Spark QuickStart Guide
Also available as:
PDF

Chapter 7. Accessing ORC Files from Spark

Spark on HDP provides full support for Optimized Row Columnar ("ORC") files. ORC is a column-based file format that offers efficient storage of Hive data.

The following example shows how to access an ORC file programmatically as a table.

The example uses a text file called people.txt, which is included in the Apache Spark distribution. The file contains three lines:

Michael, 29
Andy, 30
Justin, 19
  1. Download or create the people.txt file.

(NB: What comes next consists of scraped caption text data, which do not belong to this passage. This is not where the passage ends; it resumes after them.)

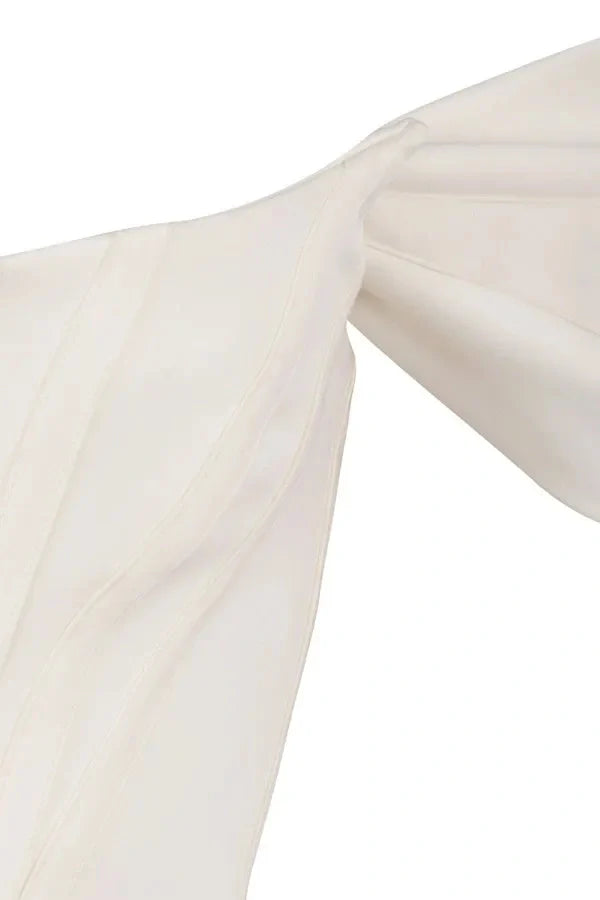 structured bodice, asymmetrical hemline, sweetheart neckline, sculpted silhouette, boning, and figure-flattering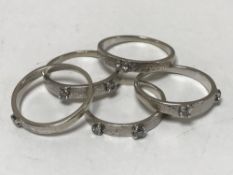 18ct white gold puzzle ring 9 diamonds 8.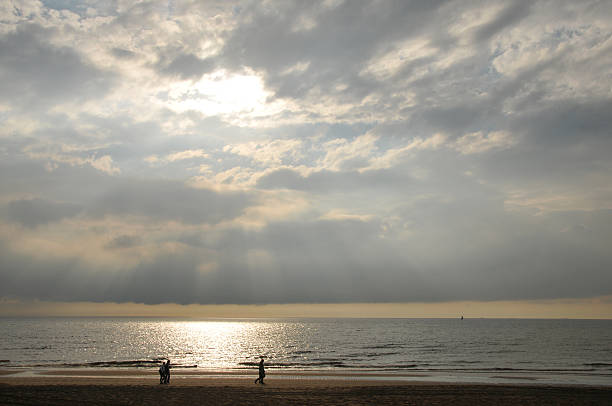 istock Beautiful sky with silhouettes at beach 172778311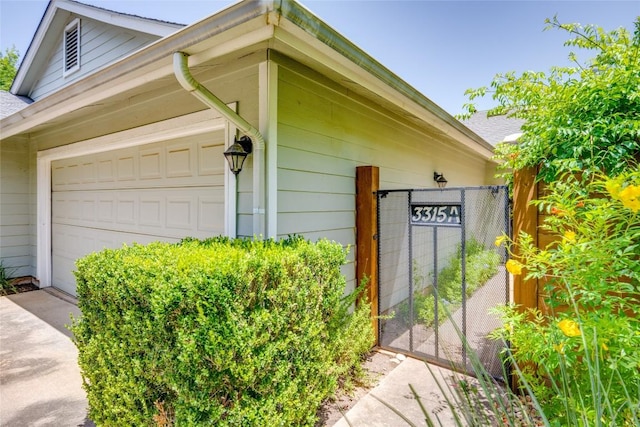 3315 W William Cannon Dr Unit A, Austin, TX 78745 - view of property exterior with a gate and concrete driveway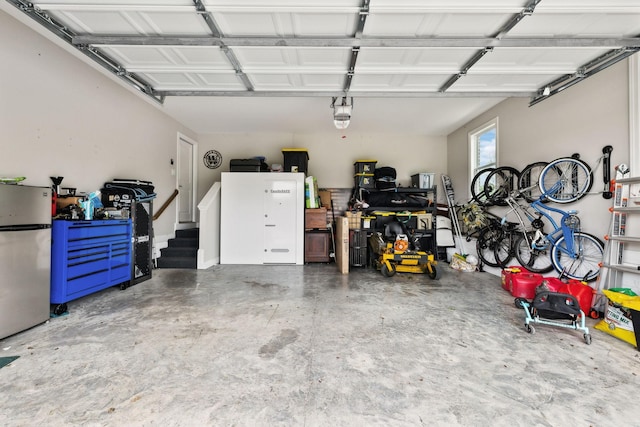 garage featuring freestanding refrigerator and a garage door opener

  2. Copy people.txt into HDFS:

    cd /usr/hdp/current/spark-client/conf/

    hadoop dfs -put examples/src/main/resources/people.txt people.txt

  3. Create and populate a Hive table:

    **# Import ORC support and Spark SQL libraries
    import org.apache.spark.sql.hive.orc._ 
    import org.apache.spark.sql._ 
     
    **# Prepare the Spark table**
     
    **# Create a hiveContext
    **# sc is an existing SparkContext 
    val hiveContext = new org.apache.spark.sql.hive.HiveContext(sc)
     
    **# Create an RDD of "people" objects
    val people = sc.textFile("people.txt")
     
    **# Specify the schema as a string 
    val schemaString = "name age" 
     
    **# Create the schema based on the schemaString
    val schema = 
     StructType(
     schemaString.split(" ").map(fieldName => 
     {if(fieldName == "name")
     StructField(fieldName, StringType, true) else
     StructField(fieldName, IntegerType, true)})) 
     
    **# Convert records in people to rows
    val rowRDD = people.map(_.split(",")).map(p => Row(p(0), new Integer(p(1).trim))) 
     
    **# Apply the schema to the RDD 
    val peopleSchemaRDD = hiveContext.applySchema(rowRDD, schema) 
     
    **# Register the people SchemaRdd as a table
    peopleSchemaRDD.registerTempTable("people") 
    val results = hiveContext.sql("SELECT * FROM people")
     
    **# List query results
    results.map(t => "Name: " + t.toString).collect().foreach(println) 
  4. Create and populate an ORC table from people:

    **# ORC-specific section **
                
    **# Save people as an ORC-format file
    peopleSchemaRDD.saveAsOrcFile("people.orc") 
    
    **# Import "people.orc" into a Spark SQL table called "morePeople"
    val morePeople = hiveContext.orcFile("people.orc")
    
    **# Register morePeople as a table 
    **# This allows you to run standard SQL queries on morePeople
    morePeople.registerTempTable("morePeople") 
    
    **# Display all rows
    hiveContext.sql("SELECT * from morePeople").collect.foreach(println)